Perhaps this obsession with taboo themes might be dismissed with the end of “Breaking Bad,” but there are other shows out there which could conceivably take its place as the showpiece of the American public’s obsession. If the drug world held appeal, then the prostitution and gang activity shown on FX’s “Sons of Anarchy” might be the next step on the entertainment scale. Having premiered its sixth season in September, there is plenty of time to insert oneself into the hardcore world of a motorcycle “club” known affectionately as the Sons.
It is also not just the bad boys of television acting outside the law either; even the so called good guys are increasingly operating outside the law to get things done.
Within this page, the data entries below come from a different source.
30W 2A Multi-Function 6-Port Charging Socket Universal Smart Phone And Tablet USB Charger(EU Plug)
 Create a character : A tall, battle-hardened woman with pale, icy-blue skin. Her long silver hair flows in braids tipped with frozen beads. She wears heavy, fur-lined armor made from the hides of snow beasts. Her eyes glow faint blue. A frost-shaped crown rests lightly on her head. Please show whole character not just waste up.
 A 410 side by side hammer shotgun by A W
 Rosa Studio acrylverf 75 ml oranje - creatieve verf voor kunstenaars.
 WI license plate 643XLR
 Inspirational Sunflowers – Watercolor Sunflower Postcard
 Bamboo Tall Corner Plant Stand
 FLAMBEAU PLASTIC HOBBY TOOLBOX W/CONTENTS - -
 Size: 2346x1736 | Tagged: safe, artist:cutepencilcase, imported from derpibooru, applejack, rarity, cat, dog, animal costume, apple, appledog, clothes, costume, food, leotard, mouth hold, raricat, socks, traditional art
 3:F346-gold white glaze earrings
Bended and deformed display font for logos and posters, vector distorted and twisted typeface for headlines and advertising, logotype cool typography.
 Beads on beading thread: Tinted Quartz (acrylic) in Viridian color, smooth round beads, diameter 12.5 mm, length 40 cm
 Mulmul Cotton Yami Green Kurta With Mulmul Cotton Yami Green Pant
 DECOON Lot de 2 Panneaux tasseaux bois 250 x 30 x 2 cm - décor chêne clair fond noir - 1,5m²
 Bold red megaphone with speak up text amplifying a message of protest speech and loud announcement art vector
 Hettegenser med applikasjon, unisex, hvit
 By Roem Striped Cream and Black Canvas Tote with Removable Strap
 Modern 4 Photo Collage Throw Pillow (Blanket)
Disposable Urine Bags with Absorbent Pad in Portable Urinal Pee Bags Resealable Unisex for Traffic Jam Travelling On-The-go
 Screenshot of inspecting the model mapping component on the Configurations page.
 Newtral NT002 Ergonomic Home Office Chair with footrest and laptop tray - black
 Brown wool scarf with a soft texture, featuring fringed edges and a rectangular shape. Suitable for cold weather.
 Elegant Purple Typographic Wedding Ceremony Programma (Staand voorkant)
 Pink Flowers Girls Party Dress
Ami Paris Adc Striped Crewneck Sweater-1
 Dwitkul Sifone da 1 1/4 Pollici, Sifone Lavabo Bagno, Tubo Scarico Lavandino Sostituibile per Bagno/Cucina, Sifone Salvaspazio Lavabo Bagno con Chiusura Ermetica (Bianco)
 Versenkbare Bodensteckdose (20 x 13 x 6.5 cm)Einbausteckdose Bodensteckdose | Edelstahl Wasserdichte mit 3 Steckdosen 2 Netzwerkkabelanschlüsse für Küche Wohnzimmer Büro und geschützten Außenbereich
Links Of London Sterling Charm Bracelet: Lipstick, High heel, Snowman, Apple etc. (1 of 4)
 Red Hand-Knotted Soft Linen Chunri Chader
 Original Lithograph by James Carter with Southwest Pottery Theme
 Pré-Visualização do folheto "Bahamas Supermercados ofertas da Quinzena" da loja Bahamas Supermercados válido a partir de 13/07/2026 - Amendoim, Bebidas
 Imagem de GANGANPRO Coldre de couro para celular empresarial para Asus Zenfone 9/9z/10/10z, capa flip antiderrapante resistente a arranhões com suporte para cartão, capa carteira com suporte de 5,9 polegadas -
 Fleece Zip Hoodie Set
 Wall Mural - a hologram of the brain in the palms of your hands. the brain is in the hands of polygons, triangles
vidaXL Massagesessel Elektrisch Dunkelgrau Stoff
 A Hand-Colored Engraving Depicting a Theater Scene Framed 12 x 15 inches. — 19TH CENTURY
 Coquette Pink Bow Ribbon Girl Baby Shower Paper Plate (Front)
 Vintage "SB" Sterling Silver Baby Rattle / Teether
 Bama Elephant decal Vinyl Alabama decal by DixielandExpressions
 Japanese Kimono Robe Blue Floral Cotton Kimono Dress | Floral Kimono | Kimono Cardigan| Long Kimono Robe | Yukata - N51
In “NCIS,” Special Agent Leroy Jethro Gibbs often employs unconventional methods to capture his suspects, even going so far as to ask his token computer geek, McGee, to crack a national database. Where once these actions may have been condemned for their moral ambiguity, they now stand as valid and acceptable forms of entertainment.
In reflecting on America’s obsession with shows about the wrong side of the law, I have come to the conclusion that viewers find law-abiding citizens boring because they themselves abide by the law every day. People are not going to tune in week after week to watch their own boring lives run across the screen, but they will tune in to watch what their lives could be like if they were to throw aside their morals because that is fun. Viewers are also, in a sense, acting upon their own instincts, sans the consequences. We see how we would like to act but cannot because we are bound by a moral code. Characters like Walter White are the devils to our angels.
Everyone can identify with the need to escape; for some the drive to act out becomes real, and that is how criminals are made. However, for most of us it is enough to simply turn on our televisions and watch bad choices ride across the screen, forever remaining in the realm of fiction.